Generally, a forging ratio > 2 is required to effectively improve the material structure, but the specific value needs to be adjusted according to the process.
2. Forging Ratio Range of Different Processes
| Process type | Typical forging ratio range | Description |
| Free forging-Drawing | 3~5 (common),Up to 10 | For shafts and rods; high alloy steel or difficult to deform materials may require a higher ratio. |
| Free forging-Upsetting | 2~3 | Avoid excessively high ratios that lead to instability or folding defects. |
| Die forging | 1.5~3 | Due to die limitations, the deformation is small and suitable for parts with complex shapes. |
| Multiple upsetting and drawing | Total ratio 6~10 | Accumulated through multiple upsetting and drawing, used for high-quality forgings (such as aviation turbine disks). |
3. Typical Range of Forging Ratio of Special Steels
The forging ratio of special steels (such as tool steel, stainless steel, high-temperature alloy, high-strength structural steel, etc.) is usually higher than that of ordinary steels to improve their microstructure and performance. The common range is as follows:
1. General special structural steel (such as 4340 Steel)
- Forging ratio: 3~6
- Goal: eliminate casting defects, refine grains, and improve strength and toughness.

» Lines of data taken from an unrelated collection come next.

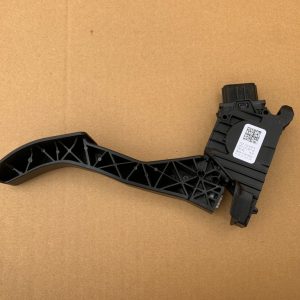 Pedala acceleratie VW Passat B8 facelift 2020 5Q1723503K 5Q1 723 503 K - Dezmembrari Auto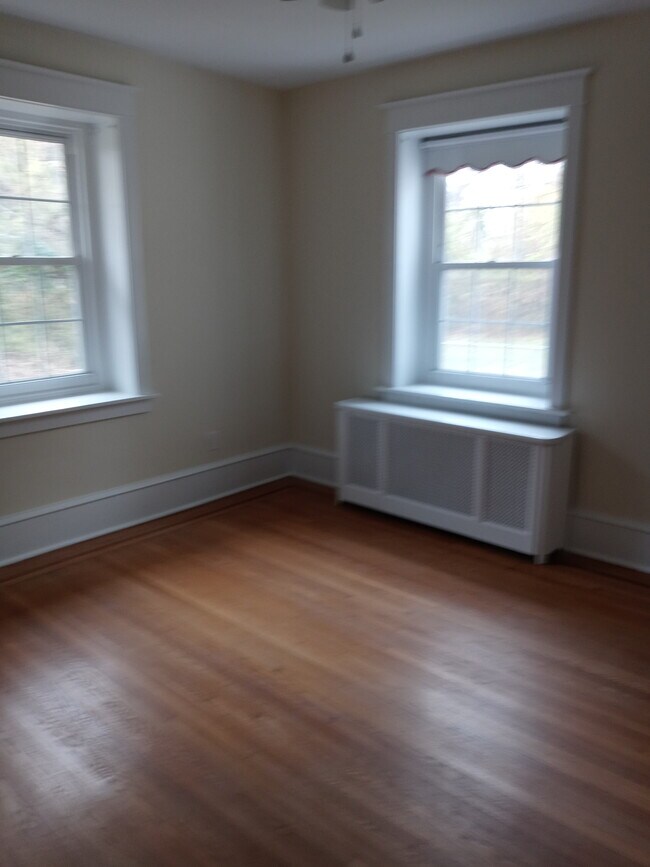 Foto del edificio - 6334 Newtown Ave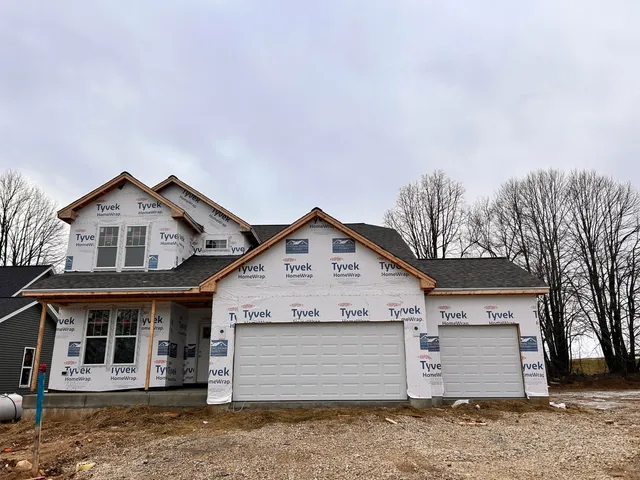 $629,900 | 1111 Mt Vernon Drive, Hartford, WI 53027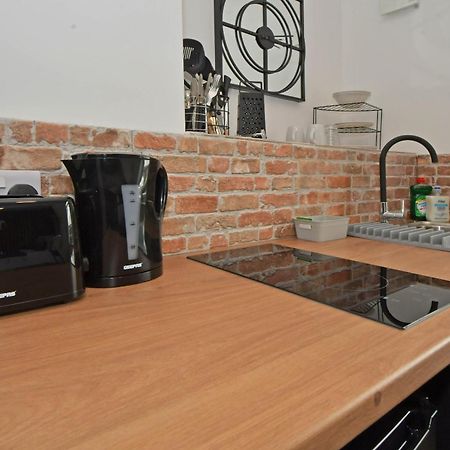 Stay At Shobnall Road Rooms And Studios Burton Екстер'єр фото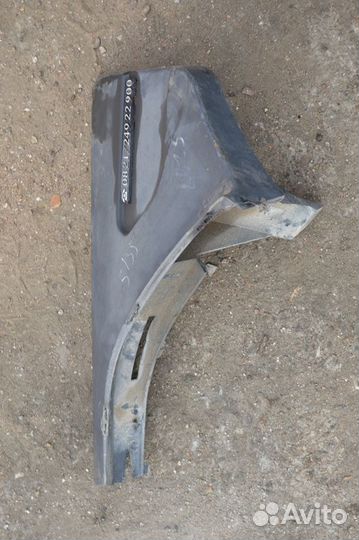 Вставка между кабиной и крылом (локер), задняя лев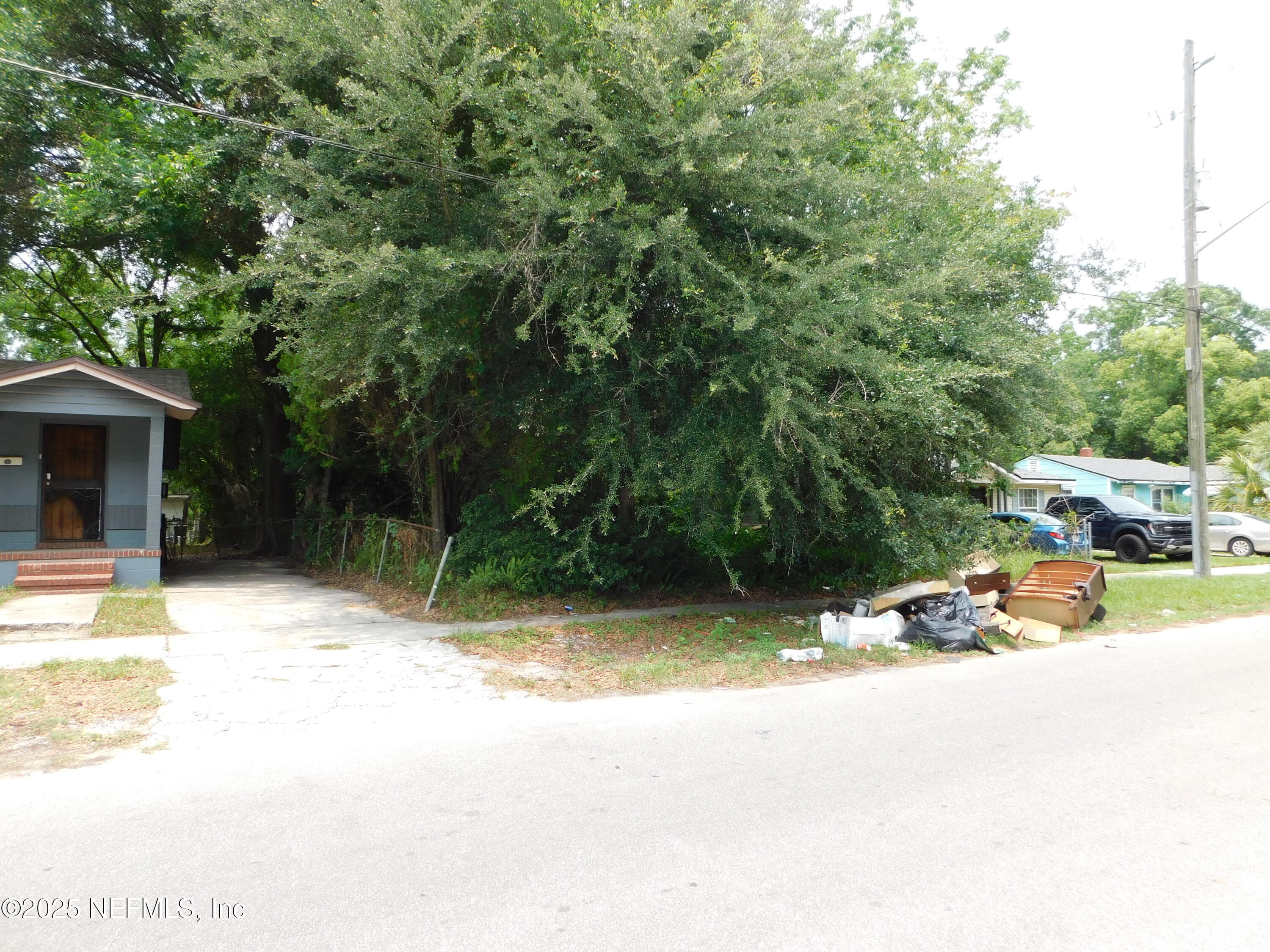 1585 W 27TH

2. Tool steel (such as H13 steel, D2 tool steel)
- Forging ratio: 5~8
- Reason: High-carbon high-alloy steel is prone to carbide segregation, and large deformation is required to homogenize the structure.
3. Stainless steel (such as martensitic stainless steel, duplex stainless steel)
- Forging ratio: 4~7
- Key points: avoid σ phase precipitation and control the ratio of ferrite to austenite.
4. High-temperature alloys (such as Inconel 718, GH4169)
- Forging ratio: 6~10
- Difficulty: high degree of alloying, large deformation is required to break coarse grains and inhibit recrystallization.
5. Titanium alloys and special metals
- Forging ratio: 5~12
- Special requirements: Titanium alloys are sensitive to deformation temperature and need to be combined with isothermal forging to control the structure.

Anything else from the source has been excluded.